Comme j’habite une partie de l’année à Montpellier, je suis souvent passé devant ce bâtiment sans vraiment y prêter attention. L’Opéra Comédie, sur la place du même nom, fait partie du décor montpelliérain. On lève parfois les yeux pour admirer sa façade, mais ce soir-là, pour Halloween, j’ai enfin franchi ses portes.
Le lieu : un bijou du XIXe siècle
Construit en 1888, l’Opéra Comédie est un petit chef-d’œuvre d’architecture à l’italienne. La salle n’est pas immense, mais elle dégage une élégance rare : balcons dorés, velours rouge, moulures, et surtout ce gigantesque chandelier suspendu au plafond, qui semble flotter au-dessus de la salle comme un soleil de cristal. On s’y sent à la fois minuscule et privilégié.


Ma (faible) culture classique
J’écoute souvent du classique, mais sans vraiment m’y connaître. Beaucoup de piano, du Beethoven et du Chopin, parfois en fond sonore quand j’écris ou voyage. J’ai déjà assisté à un concert de Sofiane Pamart, mais jamais à une vraie représentation avec orchestre symphonique. Pour être honnête, j’avais peur de m’ennuyer un peu, ou de trouver ça trop long. Et puis, il faut bien le dire : l’univers de la musique classique traîne souvent une réputation un peu snob. Mais ce soir-là, pas du tout. Pas de robe de soirée ni de costume-cravate autour de moi. J’étais venu avec mon jogging et mon t-shirt gris du quotidien, et personne n’a semblé s’en offusquer.
Les premières notes : une intensité inattendue
Dès que l’orchestre a commencé à jouer, j’ai compris que l’expérience allait être différente. Ce que l’on ressent face à un orchestre est décuplé par rapport à l’écoute au casque. On voit littéralement la musique se construire devant soi : les archets qui se lèvent, les cors qui répondent aux violons, les percussions qui grondent au fond de la scène. Et puis il y a le chef d’orchestre. Ce soir-là, c’était Nicolò Umberto Foron. Je ne sais toujours pas dans quelle mesure les musiciens suivent réellement ses gestes, mais c’est fascinant à observer. Sa posture, ses mains, ses regards… Par moments, je ne regardais que lui. À d’autres, je me concentrais sur une section de l’orchestre : les contrebassistes, par exemple, dont les gestes élégants et synchronisés semblaient presque chorégraphiés.
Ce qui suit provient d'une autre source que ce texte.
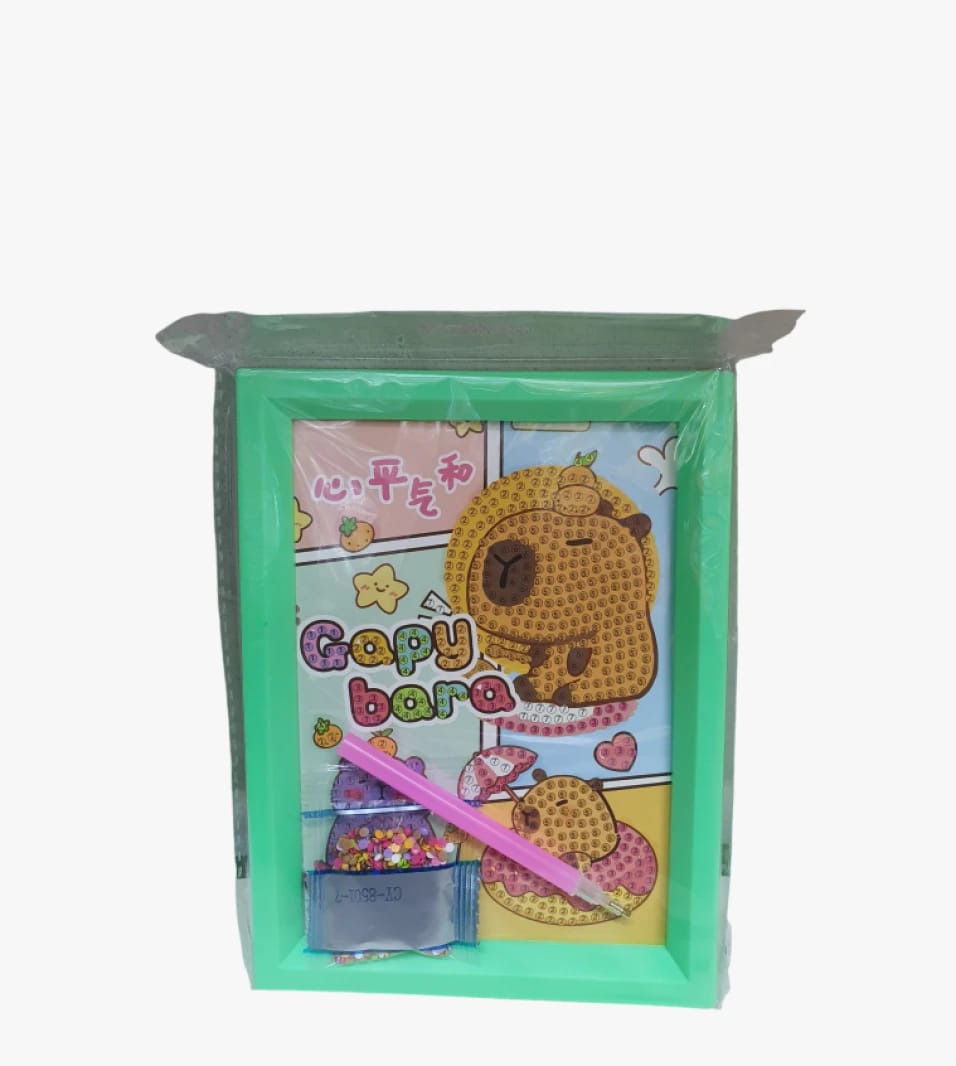 Capybara Art Set for Kids - Cute Animal Design to Enhance Motor Skills with Eco-Friendly Materials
Vu d’en haut, l’ensemble devient une sorte de ballet visuel, une respiration collective. Et parfois, le silence, d’une intensité rare.

Un concert d’Halloween
Le programme du soir était parfait pour l’occasion. L’Orchestre national Montpellier Occitanie interprétait un répertoire sombre et mystérieux, idéal pour une soirée d’Halloween :
- Antonín Dvořák – L’Ondin
- Sergueï Rachmaninov – L’Île des morts
- Bernard Herrmann – Suite Vertigo
- Sofia Gubaidulina – Fairytale Poem
- Anatoli Liadov – Le Lac Enchanté
Des œuvres mystérieuses, sombres, parfois inquiétantes, mais toujours évocatrices. Même sans tout comprendre, j’ai été happé. Certaines pièces ressemblaient à des histoires racontées sans mots. J’ai totalement vécu la première œuvre.
Une nouvelle envie
Quand j’étais ado, j’écoutais souvent le Boléro de Ravel pour “m’endormir”. Enfin… disons plutôt pour passer le temps, à 2 heures du matin. Vingt minutes de montée lente, hypnotique, toujours les mêmes notes, et pourtant une tension incroyable. Ces dernières années, j’ai regardé plusieurs versions live sur YouTube, et j’ai compris à quel point cette œuvre répétitive est en réalité d’une précision vertigineuse. Il y avait beaucoup plus d’émotion qui ressortait. Et ce soir, dès les premières notes jouées à l’Opéra Comédie, j’ai su que j’avais un nouveau rêve à noter sur ma liste : voir le Boléro de Ravel joué en live.
Ce premier concert symphonique m’a rappelé une chose simple : il n’est pas nécessaire de tout comprendre pour être ému. Parfois, il suffit juste d’écouter, de regarder, et de se laisser porter par la beauté du moment.